Repl is for me the go-to editor in the non-web context! It supports many different programming languages. From bash, Erlang to QBasic. So I would recommend Repl.it especially for non-web projects.

Also I noticed that the website got a whole makeover last year or so and they focused their work on performance improvements.

Repl.it is also a nice go-to editor for only classrooms or online courses as it supports so many different languages.

JSBin

JSBin, oh my old boy, was developed since 2008 by Remy Sharp. I actually do not know the concrete status of the project. As they wrote on Github, the current v4 is no longer actively maintained, but there should be some version 5 coming.

I personally mainly use JSBin for trying something out for a few minutes and trashing everything away into the "bin" afterwards.

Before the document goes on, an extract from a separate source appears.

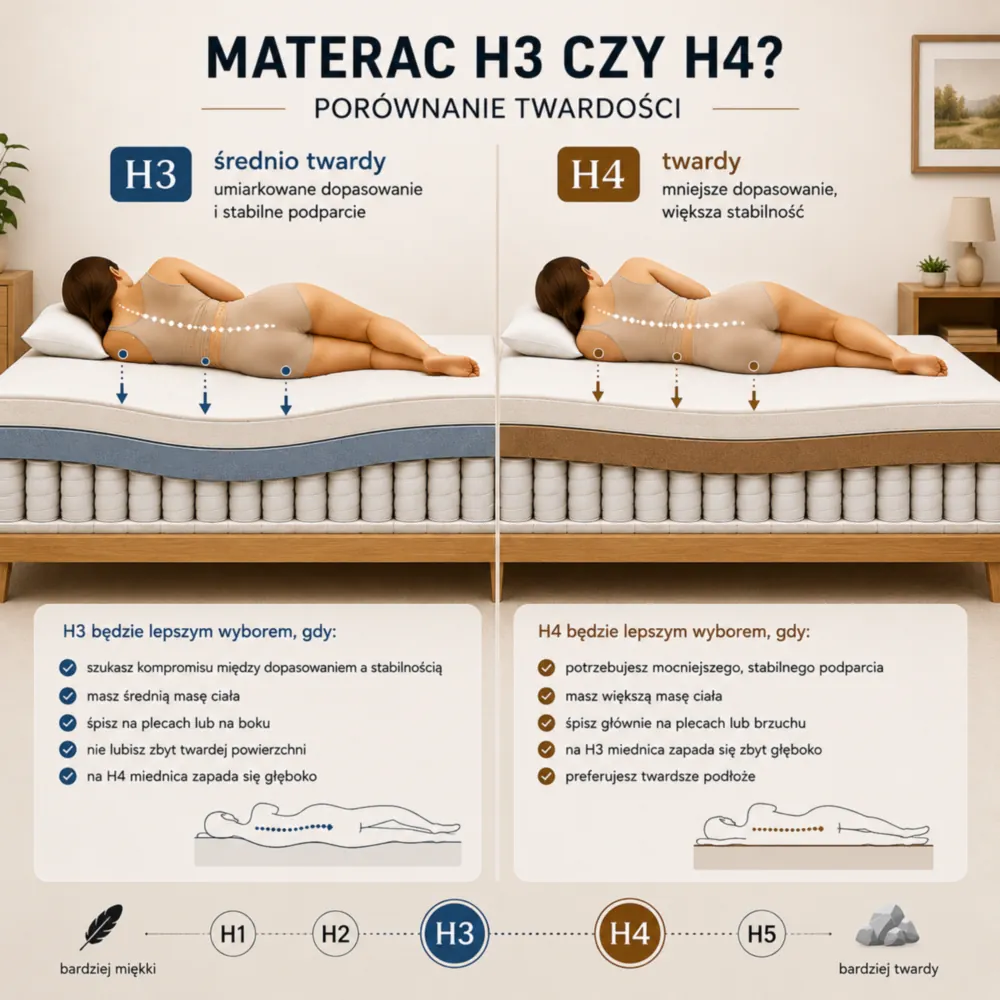 Materac H3 czy H4 – porównanie średnio twardego i twardego materaca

So those are not any demos I want to show to someone. It is mostly for me trying something out very quickly.

JSFiddle

JSFiddle is from 2010 - you see 2008 to 2012 had been busy editor times! JSFiddle still "seems" actively developed (cf. their roadmap) and I use it in the same way as I use JSBin: Trying something out very quickly, but without the goal to save my results and instead just throwing them away again.

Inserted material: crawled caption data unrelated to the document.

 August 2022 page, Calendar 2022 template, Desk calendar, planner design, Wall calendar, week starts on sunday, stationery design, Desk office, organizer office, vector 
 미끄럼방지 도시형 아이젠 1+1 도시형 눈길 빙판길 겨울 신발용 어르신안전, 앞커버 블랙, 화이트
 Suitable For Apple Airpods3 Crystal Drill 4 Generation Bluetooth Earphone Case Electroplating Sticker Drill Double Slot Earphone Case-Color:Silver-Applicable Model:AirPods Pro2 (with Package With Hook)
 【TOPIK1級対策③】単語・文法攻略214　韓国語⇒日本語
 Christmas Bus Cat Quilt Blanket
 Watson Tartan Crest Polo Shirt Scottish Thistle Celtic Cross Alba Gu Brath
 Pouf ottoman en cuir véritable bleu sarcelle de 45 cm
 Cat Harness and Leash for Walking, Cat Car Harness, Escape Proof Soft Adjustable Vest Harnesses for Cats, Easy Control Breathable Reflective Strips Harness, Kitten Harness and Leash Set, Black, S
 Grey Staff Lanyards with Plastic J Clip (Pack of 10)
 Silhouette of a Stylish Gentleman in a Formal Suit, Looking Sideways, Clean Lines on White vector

JSBin and JSFiddle are both valuable to me due to their simplicity. No long loading times, simple interface and that's it. Really convenient esp. when you have no time to wait for things to load up etc.

Github Codespaces

Github introduced some new beta project called CodeSpaces. It's basically a virtual version of VSCode which you can use to edit your repos online. This move is a logical next step for Microsoft as you might know that Github and VSCode are owned by Microsoft nowadays.

I hope this overview is helpful for you and I really encourage you to try at least some of them out. Or do you already settled down for one?